E oltre alle birre di Montegioco, cosa beve Riccardo Franzosi?
«Beh, il vino che mi piace molto e che, quando stavo scegliendo un lavoro per restare in paese, poteva diventare la mia professione (e l’altra idea iniziale riguardava i salumi). Se devo scegliere una birra invece prediligo quelle belghe, anzitutto, e le inglesi in seconda battuta. Frequento molto meno le tedesche e in generale quelle a bassa fermentazione; d’altro canto io produco solo ad alta, perché amo troppo gli esteri che si sviluppano durante questa lavorazione».

Se invece deve scegliere una birra italiana?
«Ce ne sono diverse che amo degustare. Vicino a voi c’è Extraomnes, per esempio, oppure il Lambrate di Milano e ovviamente ci sono le birre di Agostino Arioli del Birrificio Italiano. In Piemonte abbiamo Teo Musso di Baladin che ha seguito un percorso molto diverso rispetto al mio ma quando lo incontro mi fa assaggiare alcune cose davvero pazzesche».

BottiglieMontegioco

Il premio “Birraio dell’anno” ha dato a Schigi D’Amelio ed Extraomnes una botta incredibile di visibilità.
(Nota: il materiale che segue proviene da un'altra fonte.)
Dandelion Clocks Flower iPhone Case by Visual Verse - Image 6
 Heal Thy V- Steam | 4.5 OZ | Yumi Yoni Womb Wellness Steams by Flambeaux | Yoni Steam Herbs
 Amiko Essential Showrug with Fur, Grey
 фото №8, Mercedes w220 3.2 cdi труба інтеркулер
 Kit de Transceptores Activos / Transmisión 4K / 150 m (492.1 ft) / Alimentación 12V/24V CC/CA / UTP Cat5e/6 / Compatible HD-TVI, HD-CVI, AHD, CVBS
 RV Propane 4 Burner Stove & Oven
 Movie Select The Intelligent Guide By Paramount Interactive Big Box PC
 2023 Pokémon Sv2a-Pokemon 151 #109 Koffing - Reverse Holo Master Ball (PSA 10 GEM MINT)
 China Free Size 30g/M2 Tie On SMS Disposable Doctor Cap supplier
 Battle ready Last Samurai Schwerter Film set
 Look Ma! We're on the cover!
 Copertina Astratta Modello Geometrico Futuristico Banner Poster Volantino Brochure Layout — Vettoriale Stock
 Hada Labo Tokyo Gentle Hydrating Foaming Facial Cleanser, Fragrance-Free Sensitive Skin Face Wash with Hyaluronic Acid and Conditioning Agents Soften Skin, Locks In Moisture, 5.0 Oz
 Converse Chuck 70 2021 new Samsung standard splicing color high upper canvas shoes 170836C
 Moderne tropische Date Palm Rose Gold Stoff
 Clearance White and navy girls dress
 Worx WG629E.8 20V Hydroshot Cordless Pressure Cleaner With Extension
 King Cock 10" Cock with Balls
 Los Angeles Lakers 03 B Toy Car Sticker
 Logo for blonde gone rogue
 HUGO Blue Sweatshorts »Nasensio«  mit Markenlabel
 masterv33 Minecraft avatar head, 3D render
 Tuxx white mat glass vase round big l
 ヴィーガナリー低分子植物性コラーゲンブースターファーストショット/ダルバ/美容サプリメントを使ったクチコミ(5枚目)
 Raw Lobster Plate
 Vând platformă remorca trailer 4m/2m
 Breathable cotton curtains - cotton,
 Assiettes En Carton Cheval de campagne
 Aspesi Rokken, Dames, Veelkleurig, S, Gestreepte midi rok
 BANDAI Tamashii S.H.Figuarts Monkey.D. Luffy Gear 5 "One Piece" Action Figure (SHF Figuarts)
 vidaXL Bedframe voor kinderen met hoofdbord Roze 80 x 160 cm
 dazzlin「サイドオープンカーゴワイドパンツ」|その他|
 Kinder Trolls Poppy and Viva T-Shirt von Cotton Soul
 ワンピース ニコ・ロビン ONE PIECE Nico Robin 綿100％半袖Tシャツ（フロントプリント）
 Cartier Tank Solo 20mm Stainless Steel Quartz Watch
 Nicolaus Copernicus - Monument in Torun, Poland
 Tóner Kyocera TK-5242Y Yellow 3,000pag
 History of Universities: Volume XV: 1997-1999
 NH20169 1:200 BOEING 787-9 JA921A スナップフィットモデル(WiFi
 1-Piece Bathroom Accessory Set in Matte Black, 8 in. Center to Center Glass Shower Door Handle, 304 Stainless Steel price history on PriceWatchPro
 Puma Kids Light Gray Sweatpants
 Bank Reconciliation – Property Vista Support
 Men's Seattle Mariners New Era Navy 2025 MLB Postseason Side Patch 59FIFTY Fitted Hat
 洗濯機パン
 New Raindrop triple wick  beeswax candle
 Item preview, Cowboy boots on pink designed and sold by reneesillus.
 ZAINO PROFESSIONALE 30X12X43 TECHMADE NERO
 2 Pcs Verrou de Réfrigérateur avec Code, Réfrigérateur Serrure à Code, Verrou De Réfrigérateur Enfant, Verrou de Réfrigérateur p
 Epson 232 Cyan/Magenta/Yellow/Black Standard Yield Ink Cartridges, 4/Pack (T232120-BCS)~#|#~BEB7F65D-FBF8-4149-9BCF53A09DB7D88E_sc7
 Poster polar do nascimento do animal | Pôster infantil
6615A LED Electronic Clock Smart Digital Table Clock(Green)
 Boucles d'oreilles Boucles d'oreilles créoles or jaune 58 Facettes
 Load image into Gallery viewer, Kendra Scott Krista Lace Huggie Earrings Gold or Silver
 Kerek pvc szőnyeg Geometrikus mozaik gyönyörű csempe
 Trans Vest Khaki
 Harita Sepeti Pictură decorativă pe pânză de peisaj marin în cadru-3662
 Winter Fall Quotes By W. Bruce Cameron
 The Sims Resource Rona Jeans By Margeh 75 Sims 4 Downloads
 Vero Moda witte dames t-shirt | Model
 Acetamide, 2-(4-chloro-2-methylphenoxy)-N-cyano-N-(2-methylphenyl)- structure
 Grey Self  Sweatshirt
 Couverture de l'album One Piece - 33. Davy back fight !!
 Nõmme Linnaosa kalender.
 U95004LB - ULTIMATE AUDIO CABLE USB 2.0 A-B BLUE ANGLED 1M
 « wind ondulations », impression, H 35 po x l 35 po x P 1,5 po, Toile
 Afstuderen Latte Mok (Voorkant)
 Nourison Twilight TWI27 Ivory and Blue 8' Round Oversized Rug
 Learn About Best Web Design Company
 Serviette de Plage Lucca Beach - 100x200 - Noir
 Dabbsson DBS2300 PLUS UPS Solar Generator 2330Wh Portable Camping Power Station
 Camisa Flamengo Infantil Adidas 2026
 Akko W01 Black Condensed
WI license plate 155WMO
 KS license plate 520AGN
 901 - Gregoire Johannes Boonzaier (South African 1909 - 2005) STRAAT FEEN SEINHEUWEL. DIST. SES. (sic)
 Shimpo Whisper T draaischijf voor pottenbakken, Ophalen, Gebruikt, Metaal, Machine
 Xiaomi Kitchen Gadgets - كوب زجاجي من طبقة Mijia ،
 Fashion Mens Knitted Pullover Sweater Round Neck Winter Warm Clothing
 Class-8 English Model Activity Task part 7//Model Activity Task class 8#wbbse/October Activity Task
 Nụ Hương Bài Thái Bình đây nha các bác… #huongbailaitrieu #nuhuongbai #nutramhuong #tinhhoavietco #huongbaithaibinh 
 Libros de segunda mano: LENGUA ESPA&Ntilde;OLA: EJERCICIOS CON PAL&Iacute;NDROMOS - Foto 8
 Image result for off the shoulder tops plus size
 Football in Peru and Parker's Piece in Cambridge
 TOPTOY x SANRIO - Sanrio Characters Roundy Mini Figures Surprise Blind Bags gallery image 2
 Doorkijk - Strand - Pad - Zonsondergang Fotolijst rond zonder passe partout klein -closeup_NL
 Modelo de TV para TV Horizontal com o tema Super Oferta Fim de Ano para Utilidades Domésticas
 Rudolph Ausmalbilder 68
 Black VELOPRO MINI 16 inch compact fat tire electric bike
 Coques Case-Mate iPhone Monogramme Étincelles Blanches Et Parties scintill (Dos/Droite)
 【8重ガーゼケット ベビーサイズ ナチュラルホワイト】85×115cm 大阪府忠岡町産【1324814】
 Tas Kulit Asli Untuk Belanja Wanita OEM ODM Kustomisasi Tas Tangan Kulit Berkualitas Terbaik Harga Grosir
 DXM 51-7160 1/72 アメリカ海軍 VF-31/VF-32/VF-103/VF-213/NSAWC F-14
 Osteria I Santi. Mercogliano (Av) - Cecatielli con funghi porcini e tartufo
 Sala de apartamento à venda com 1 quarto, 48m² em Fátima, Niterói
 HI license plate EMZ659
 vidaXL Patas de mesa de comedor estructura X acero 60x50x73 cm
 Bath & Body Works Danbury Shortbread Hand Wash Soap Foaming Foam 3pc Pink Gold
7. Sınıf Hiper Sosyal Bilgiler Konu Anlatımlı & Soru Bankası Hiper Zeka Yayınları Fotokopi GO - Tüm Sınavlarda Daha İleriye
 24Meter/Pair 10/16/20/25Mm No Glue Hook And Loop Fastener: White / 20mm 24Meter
Lei lo vinse due anni fa: quanto è stato importante?
«Sicuramente ci ha dato tanto dal punto di vista mediatico e sotto il profilo dell’immagine. Però, purtroppo o per fortuna, ho deciso che i miei volumi sono quelli attuali: Montegioco produce 700 ettolitri all’anno, impiega quattro persone e se anche venissi eletto “Birraio dell’universo” non potrei fare più di questo. Mi piace lavorare così, ho saldato i miei debiti, sono sereno».

Per chiudere, ci sveli qualche novità in serbo nelle cantine di Montegioco.
«Quella sicura riguarda il barley wine, nei fermentatori ormai da un paio di anni. Credo proprio che sarà pronto a fine gennaio, per le “Birre della Merla” (tradizionale festival invernale di Montegioco ndr) quando lo assaggeremo anche in fusto. Non abbiamo ancora deciso il nome definitivo, ma potrebbe essere “Zorzona”, che dalle nostre parti è un termine che identifica una persona… sovraeccitata. Poi, sotto sotto, vi dico che mi sta intrigando anche il discorso del sidro; qualche prova preliminare l’abbiamo fatta, vediamo se in futuro si concretizzerà una vera produzione».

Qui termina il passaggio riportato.